Выбрать главу

Блэры решили остановиться в городе Марракеш в юго-западной части Марокко, у подножия Атласских гор. Здесь был ровный теплый климат, годовая температура колебалась между 12 и 28 градусами. Марракеш славился парками, среди которых выделялись оливковая роща Менара и обнесенные оградой, но почти дикие сады Агдал. За городом простиралась обширная пальмовая роща. Правда, дешевый отель, номер в котором они заказали заранее, оказался отвратительным. Эйлин написала свекрови со смесью отвращения и иронии: «Я с борделями напрямую никогда не сталкивалась, но когда они предоставляют особые услуги, то, наверняка, именно в такой грязи и без удобств»{443}.

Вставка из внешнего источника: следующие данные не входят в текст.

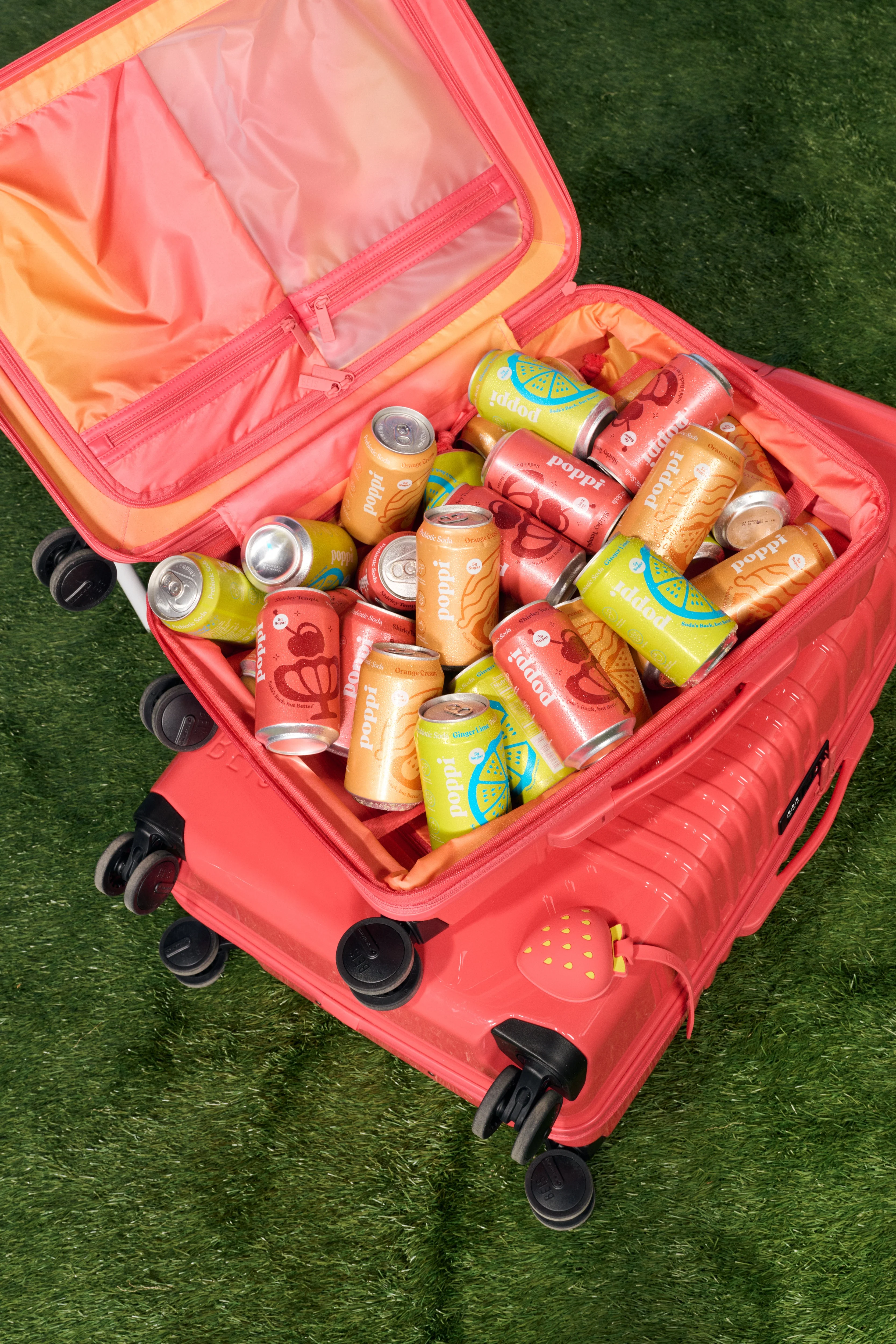 BÉIS x poppi The Carry-On Roller in Glossy Fruit Punch - Image 3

Пробыв в отеле первую ночь, Блэры на следующий день перебрались в удобное жилье на окраине Марракеша. Здесь они провели месяц, а затем переселились на виллу в нескольких километрах от города, в центре апельсиновой рощи. Новое место обитания было просторным, а главное — в чердачном помещении находилась комната со столом, которую Эрик мог использовать в качестве кабинета.

Однако существенного улучшения здоровья не произошло. Время от времени возобновлялись кашель и приступы слабости. Вдобавок питьевая вода была загрязнена, и это привело к желудочному расстройству, которым Эрик страдал в октябре — ноябре. К тому же супруги очень скоро обнаружили, что за приятными курортными видами скрывались нищета и отсталость местного населения, что крайне негативно воздействовало и на настроение, и даже на самочувствие писателя.

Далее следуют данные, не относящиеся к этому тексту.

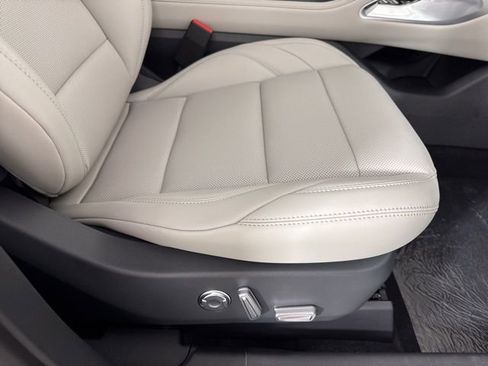 New 2026 Lincoln Nautilus Premier image 21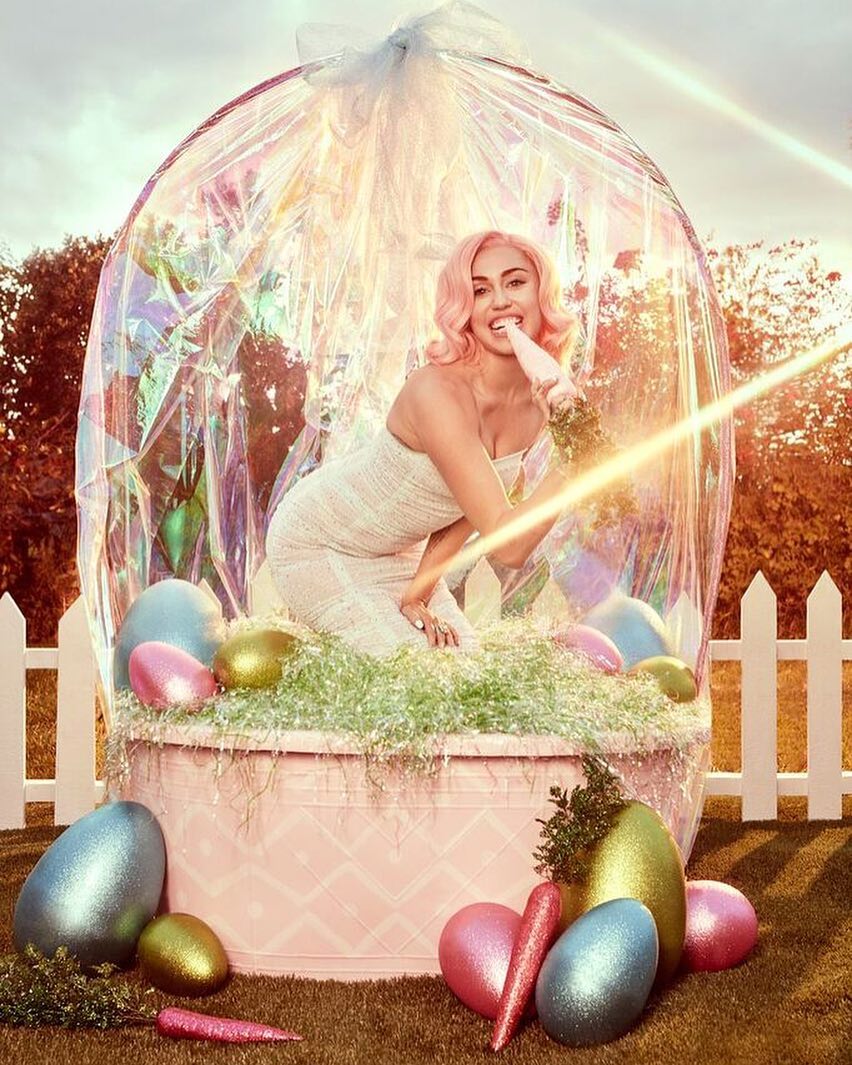 Miley Cyrus et plusieurs célébrités fêtent Pâques de façon sexy [Photos]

Эрик возобновил ведение дневника, прерванное после конфискации испанской тетради. Он записывал свои отнюдь не радостные впечатления, фиксировал, что местные арабы ухитряются жить на один шиллинг в день, обрабатывая крохотные сухие участки земли орудиями, которые «были устаревшими еще во времена Моисея». Его потрясли высокая смертность среди арабов и то, что хоронили их в крохотных могилах, напоминавших дыры{444}. Как-то во время обеда мимо ресторана, где было полно мух, прошла похоронная процессия, и мухи внезапно улетели, чтобы «попробовать вкус тела усопшего»{445}.

Диккенс

В Марокко Блэры продолжали привычные занятия — садоводство и уход за мелким скотом. Они даже купили дюжину кур-несушек, и Эрик исправно записывал, сколько яиц они получали ежедневно. Но главное — он возобновил интенсивную работу над темой, которую давно вынашивал. Он стал сводить воедино мысли и заметки о своем великом соотечественнике Диккенсе. В обширном эссе, написанном с глубокой любовью в основном в последние месяцы пребывания в Марракеше{446}, констатировалось, что самые различные политические и социальные силы пытались присвоить наследие писателя: марксисты считают Диккенса почти марксистом, объявляя его борцом за дело пролетариата, католики — почти католиком. Недаром оно начиналось словами: «Диккенс принадлежит к тем достойным писателям, которых стоит (и многие пытаются) прикарманить. Если вдуматься, даже его погребение в Вестминстерском аббатстве было своеобразной кражей… В отношении к Диккенсу английская публика всегда походила на слона, который удары палкой принимает за прелестное щекотанье»{447}. Оруэлл вспоминал, что как-то ему удалось познакомиться с книгой Крупской о Ленине, в которой она среди прочего рассказывала, что Владимир Ильич ушел с середины спектакля по Диккенсу из-за его «мещанской сентиментальности». Оруэлл же считал Диккенса ниспровергателем, радикалом, бунтарем, который обрушивался на социальные институты Великобритании «со свирепостью, на какую с тех пор не отваживался никто»; в то же время «Диккенсу удалось подвергнуть критике всех и никого не восстановить против себя». При всем радикализме Диккенса он не был революционным, а тем более пролетарским писателем, несмотря на фокусировку его художественного внимания на определенном социальном слое.

К десяти годам школьники уже напичканы Диккенсом по горло, отмечал Оруэлл. Это, однако, не означает, что знакомство с его произведениями следует как-то ограничить. Просто надо дать возможность детям без каких-либо дополнительных нравоучений искать и находить у Диккенса то, что им ближе всего. «Мне было, если не ошибаюсь, лет девять, когда я впервые прочел “Дэвида Копперфильда”. Душевный настрой первых же глав оказался для меня таким доступным, что по наивности я предположил, что они написаны ребенком{448}. Оруэллу были весьма близки места в произведениях Диккенса, где речь шла об издевательствах над детьми. «Духовная жестокость по отношению к ребенку возмущает писателя не меньше жестокости физической… школьные учителя у него, как правило, негодяи»{449}, — подмечал бывший учитель.